L. Zhou, WC Tang, and David Y.L. Wu Received the Celoxica Best Paper Award of International South Programmable Logic Conference

                                                                   

Xilinx ESL Education Board

The paper entitled “Fast Placement-Intact Logic Perturbation Targeting for FPGA Performance Improvement” was awarded a Celoxica Best Paper in the IEEE International SPL2007 conference held in Argentina on Feb. 2007. A Xilinx ESL Educational Board (a US$750 package sponsored by Celoxica Company) was awarded as a prize. Ms. Lin Zhou and Mr. Wai-Chung Tang are Ph.D. students of the Department supervised by Prof. David Wu.

Highlight of the work:
A digital circuit is basically composed of circuit elements (e.g. gates) and signal-wires interconnecting them. The circuit optimization techniques adopted by current academic and commercial Electronic Design Automation (EDA) tools are basically element-based, which were developed decades ago and unfortunately have been shown to be inaccurate for today’s deep-submicron circuits, whose signal delays are mainly (over 80%) attributed to signal wires not circuit elements. It is clearly more accurate to have a wiring-based EDA technique, rewiring, instead. Meanwhile, one unique property of an FPGA chip is that any logic perturbation inside its Look-Up-Tables (LUTs) is totally area/delay-free. This free resource can then be used to trade for LUT-external logic/wire perturbations useful for EDA improvements, an extra flexibility ignored before. Using rewiring technique for such logic perturbations, we show that significant cut-downs upon already excellent results from the state-of-the-art TVPR place-and-route can still be obtained.

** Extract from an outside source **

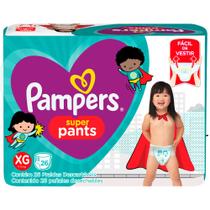 Fralda Descartável Pampers Super Pants Pacotão XG Com 26 Unidades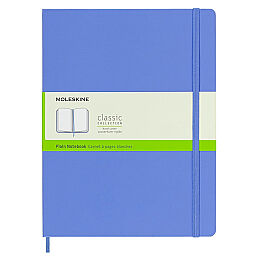 Moleskine Sert Kapak Çizgisiz Defter XL Boy 19x25 cm. 192 Sayfa Ortanca Mavi - 1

This new operation can further reduce the number of LUTs by up to 33.7% (avg. 10%) without delay penalty and also reduce critical path delay by up to 31.7% (avg. 11%) without disturbing placement or sacrificing area in the final routing. For delay reduction, under proper rewiring analysis and planning, the CPU time used by rewiring can be only 5% of the total run time consumed by TVPR’s placement and routing. This idea of applying swapping between the free LUT-internal and the useful LUT-external logic perturbations is simple and proved to be powerful. The results suggest a new technique for an optimization domain unexplored for FPGA design flow.